TASK BRIEF:
The lines to transcribe begin with the one containing "ремонтировать в Мурманске" and end with the last line below; reproduce them exactly, without the pictures.

DATA PROVIDED:

++++++++

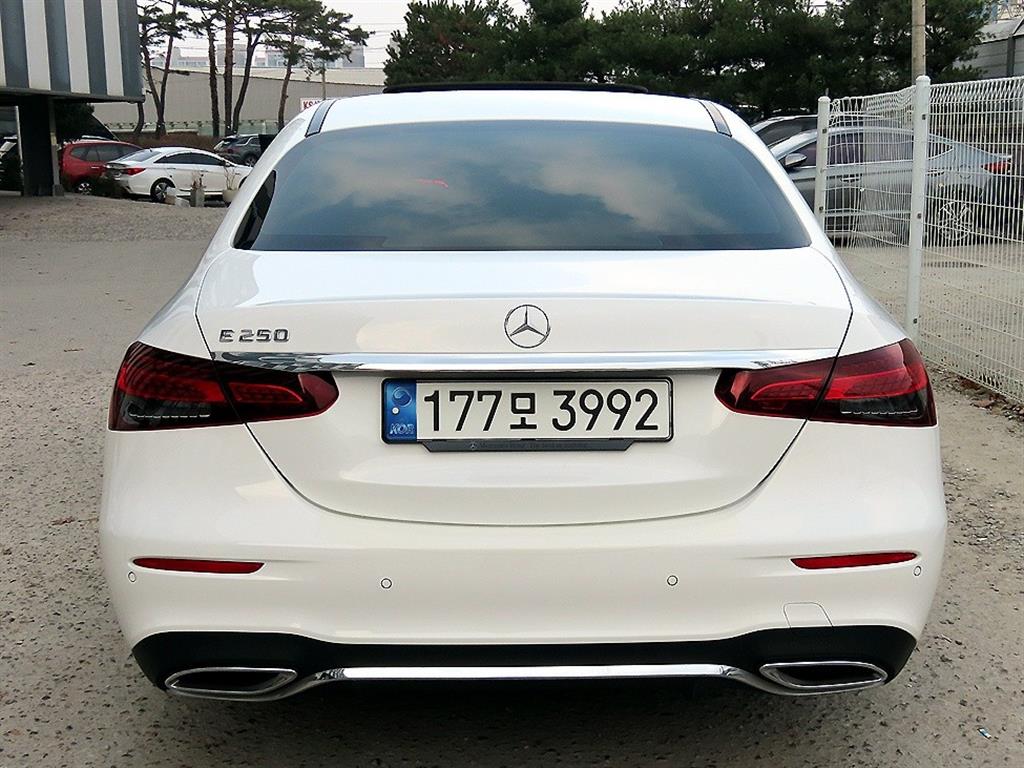 Mercedes Benz E class - Vista 4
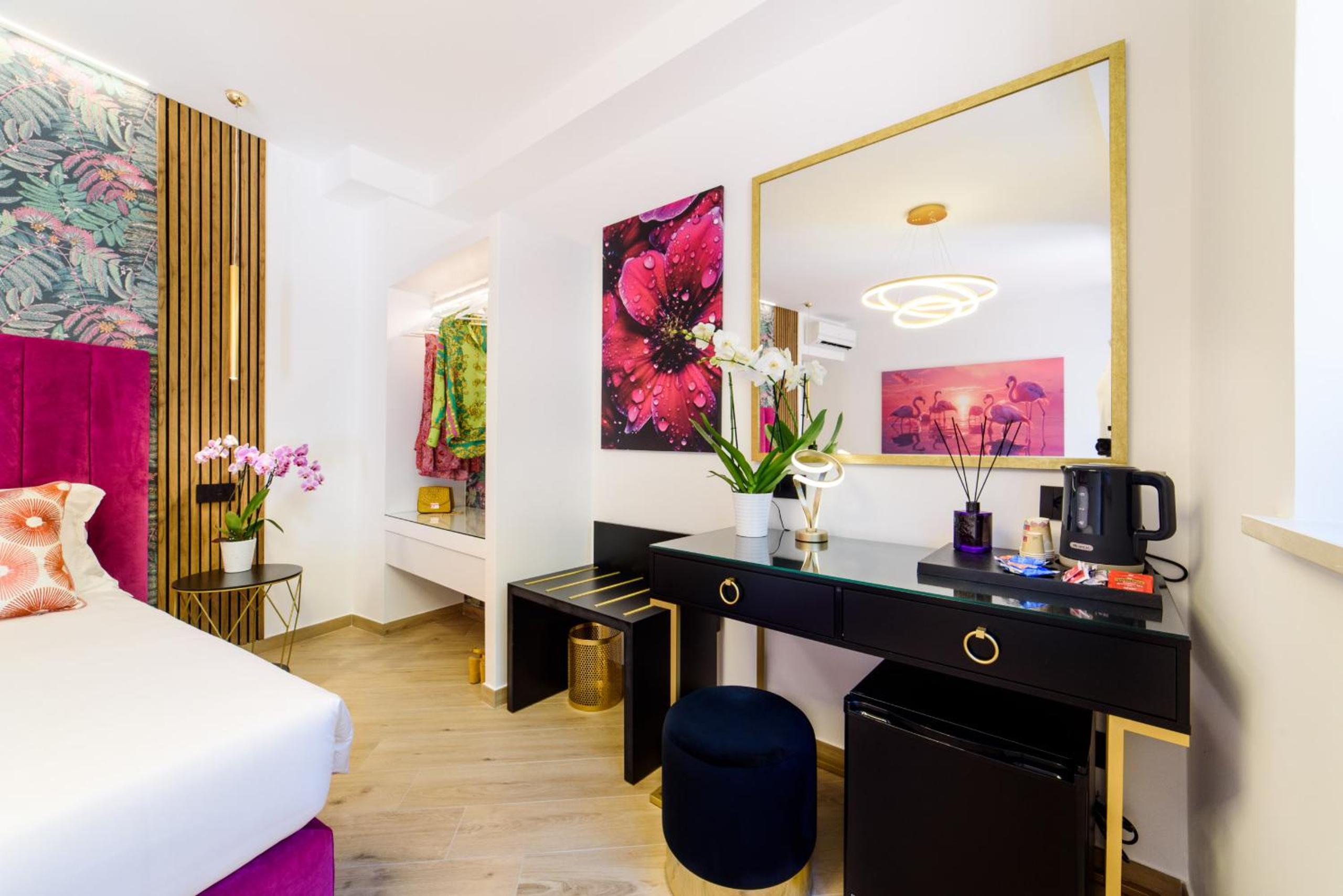 hotel room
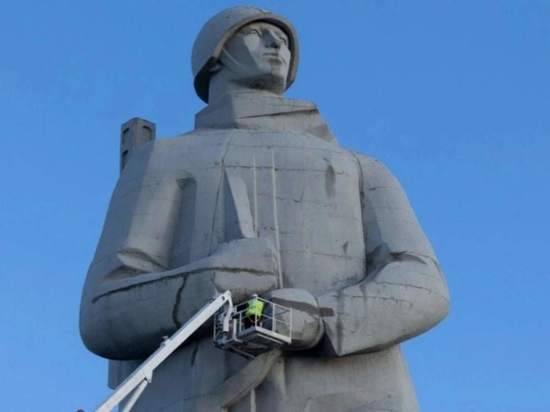 Треснувшего «Алешу» начали ремонтировать в Мурманске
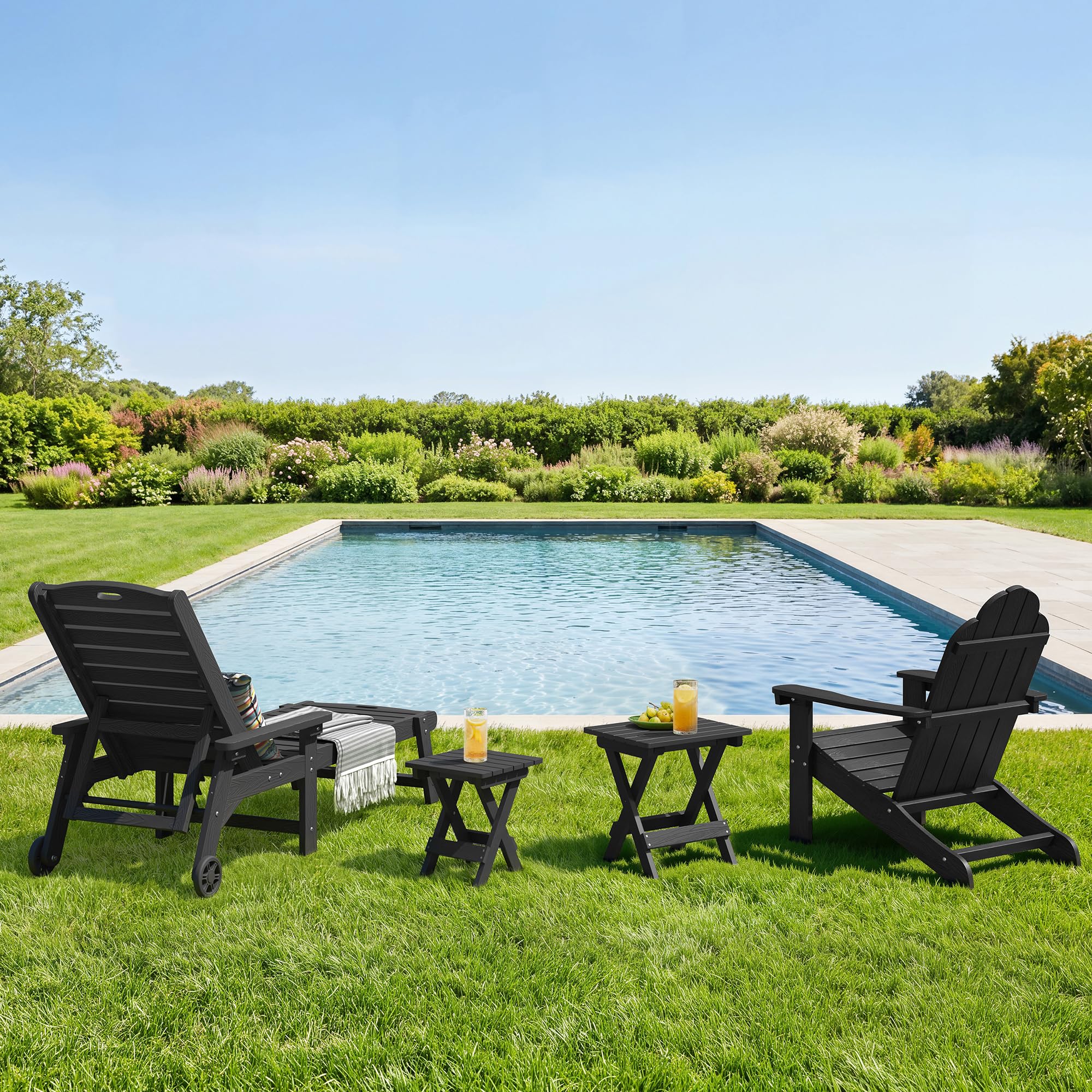 LUE BONA table in a patio scene used for drinks and snacks to enhance outdoor entertaining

++++++++

YOUR SOLUTION:
 Треснувшего «Алешу» начали ремонтировать в Мурманске
 LUE BONA table in a patio scene used for drinks and snacks to enhance outdoor entertaining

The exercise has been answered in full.